■ THE DATA:

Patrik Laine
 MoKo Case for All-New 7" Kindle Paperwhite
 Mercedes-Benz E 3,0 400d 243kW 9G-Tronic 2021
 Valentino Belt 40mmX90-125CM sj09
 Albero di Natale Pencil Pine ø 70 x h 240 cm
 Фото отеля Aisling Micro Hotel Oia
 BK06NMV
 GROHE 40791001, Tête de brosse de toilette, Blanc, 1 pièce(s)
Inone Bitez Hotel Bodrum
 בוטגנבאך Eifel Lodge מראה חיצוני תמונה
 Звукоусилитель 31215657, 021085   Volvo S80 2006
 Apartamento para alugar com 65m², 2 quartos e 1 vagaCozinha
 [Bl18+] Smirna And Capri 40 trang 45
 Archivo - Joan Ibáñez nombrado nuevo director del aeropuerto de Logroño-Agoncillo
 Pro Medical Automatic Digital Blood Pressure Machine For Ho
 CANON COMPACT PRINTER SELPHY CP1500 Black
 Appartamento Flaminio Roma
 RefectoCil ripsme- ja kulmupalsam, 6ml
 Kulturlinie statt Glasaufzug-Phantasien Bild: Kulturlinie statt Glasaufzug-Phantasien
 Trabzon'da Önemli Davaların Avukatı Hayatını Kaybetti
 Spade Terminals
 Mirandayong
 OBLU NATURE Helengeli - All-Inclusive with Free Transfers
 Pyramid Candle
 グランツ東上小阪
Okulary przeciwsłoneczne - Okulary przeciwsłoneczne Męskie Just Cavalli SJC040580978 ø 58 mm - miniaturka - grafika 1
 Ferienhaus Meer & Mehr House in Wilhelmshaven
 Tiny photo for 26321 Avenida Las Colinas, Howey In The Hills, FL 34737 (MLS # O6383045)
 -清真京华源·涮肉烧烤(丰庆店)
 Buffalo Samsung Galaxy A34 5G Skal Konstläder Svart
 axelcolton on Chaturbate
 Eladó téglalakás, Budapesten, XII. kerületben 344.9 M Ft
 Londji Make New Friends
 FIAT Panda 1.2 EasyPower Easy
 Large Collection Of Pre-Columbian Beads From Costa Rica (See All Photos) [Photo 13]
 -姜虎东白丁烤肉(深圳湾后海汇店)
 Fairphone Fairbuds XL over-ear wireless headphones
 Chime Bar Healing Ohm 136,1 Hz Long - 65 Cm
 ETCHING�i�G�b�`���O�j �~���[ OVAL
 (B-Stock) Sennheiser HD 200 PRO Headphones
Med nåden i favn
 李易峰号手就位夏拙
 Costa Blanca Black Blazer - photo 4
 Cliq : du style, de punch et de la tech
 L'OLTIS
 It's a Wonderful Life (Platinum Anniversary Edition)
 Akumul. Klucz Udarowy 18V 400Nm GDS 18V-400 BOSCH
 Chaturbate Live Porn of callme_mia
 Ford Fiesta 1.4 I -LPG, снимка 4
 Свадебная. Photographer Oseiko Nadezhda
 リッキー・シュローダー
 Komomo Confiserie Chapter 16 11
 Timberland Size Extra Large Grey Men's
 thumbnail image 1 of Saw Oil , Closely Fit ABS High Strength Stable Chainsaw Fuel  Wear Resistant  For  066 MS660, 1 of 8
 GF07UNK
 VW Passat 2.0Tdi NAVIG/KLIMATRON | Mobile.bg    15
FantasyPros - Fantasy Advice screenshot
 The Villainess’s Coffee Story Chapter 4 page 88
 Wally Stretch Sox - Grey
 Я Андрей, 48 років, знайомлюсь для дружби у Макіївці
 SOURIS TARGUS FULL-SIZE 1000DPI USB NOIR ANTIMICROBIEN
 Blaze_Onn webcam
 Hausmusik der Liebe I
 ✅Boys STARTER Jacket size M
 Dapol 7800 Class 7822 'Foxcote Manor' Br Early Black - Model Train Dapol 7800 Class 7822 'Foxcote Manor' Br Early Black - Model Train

■ TASK ITEM: Copy out each line of the entries above that holds "Chapter".

■ RESPONSE FOR THIS EXERCISE:
 Komomo Confiserie Chapter 16 11
 The Villainess’s Coffee Story Chapter 4 page 88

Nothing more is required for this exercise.